Collect every line in the records below that contains the word "video".

:: Data for review ::
---*---

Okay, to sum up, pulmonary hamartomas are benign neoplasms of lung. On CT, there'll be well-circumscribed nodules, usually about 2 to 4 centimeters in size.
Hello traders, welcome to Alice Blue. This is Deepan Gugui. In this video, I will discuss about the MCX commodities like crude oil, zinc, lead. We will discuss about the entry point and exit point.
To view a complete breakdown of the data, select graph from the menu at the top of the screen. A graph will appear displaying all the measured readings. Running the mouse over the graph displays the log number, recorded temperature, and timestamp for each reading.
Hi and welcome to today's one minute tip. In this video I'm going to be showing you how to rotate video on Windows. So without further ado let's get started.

---*---

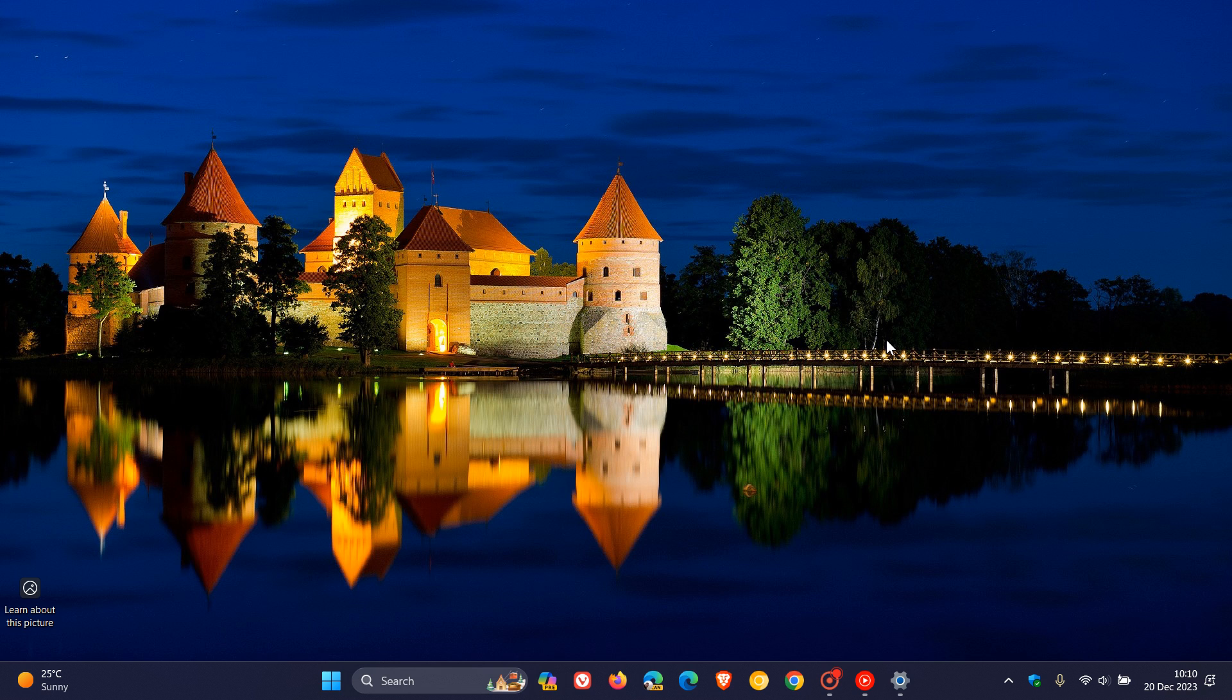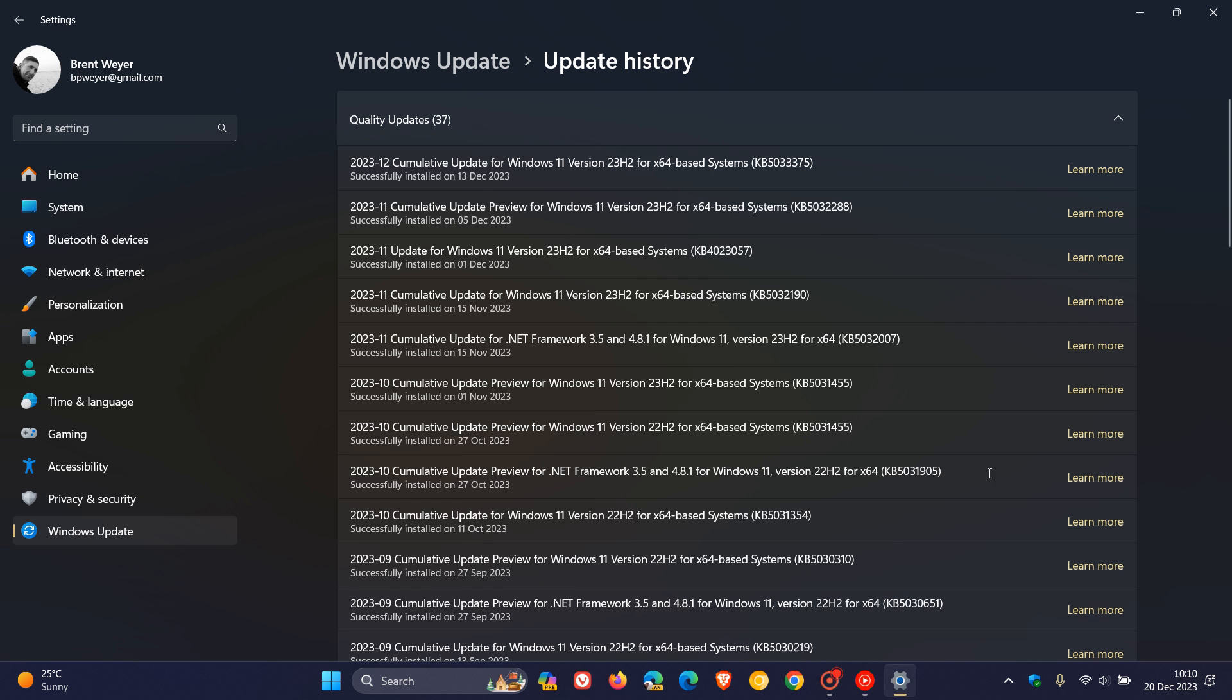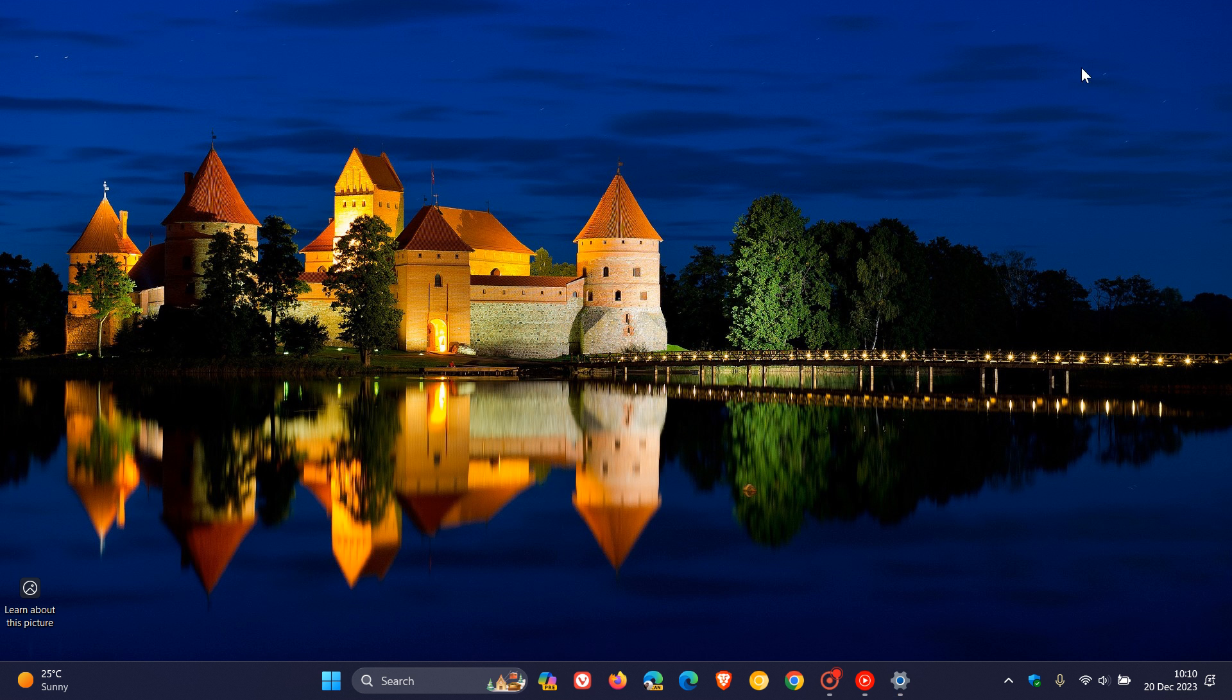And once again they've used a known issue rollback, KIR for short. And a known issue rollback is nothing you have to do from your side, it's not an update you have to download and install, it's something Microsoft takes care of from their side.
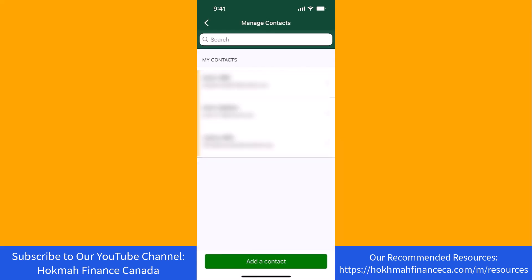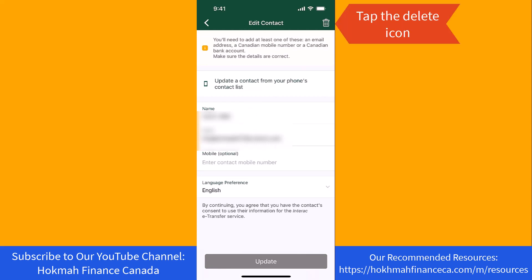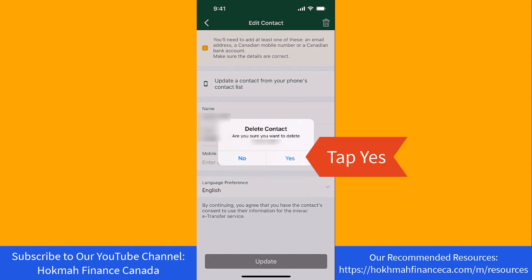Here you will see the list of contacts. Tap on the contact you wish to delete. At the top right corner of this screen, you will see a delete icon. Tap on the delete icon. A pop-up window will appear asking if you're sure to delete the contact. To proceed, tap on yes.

---*---

:: Task response ::
Hello traders, welcome to Alice Blue. This is Deepan Gugui. In this video, I will discuss about the MCX commodities like crude oil, zinc, lead. We will discuss about the entry point and exit point.
Hi and welcome to today's one minute tip. In this video I'm going to be showing you how to rotate video on Windows. So without further ado let's get started.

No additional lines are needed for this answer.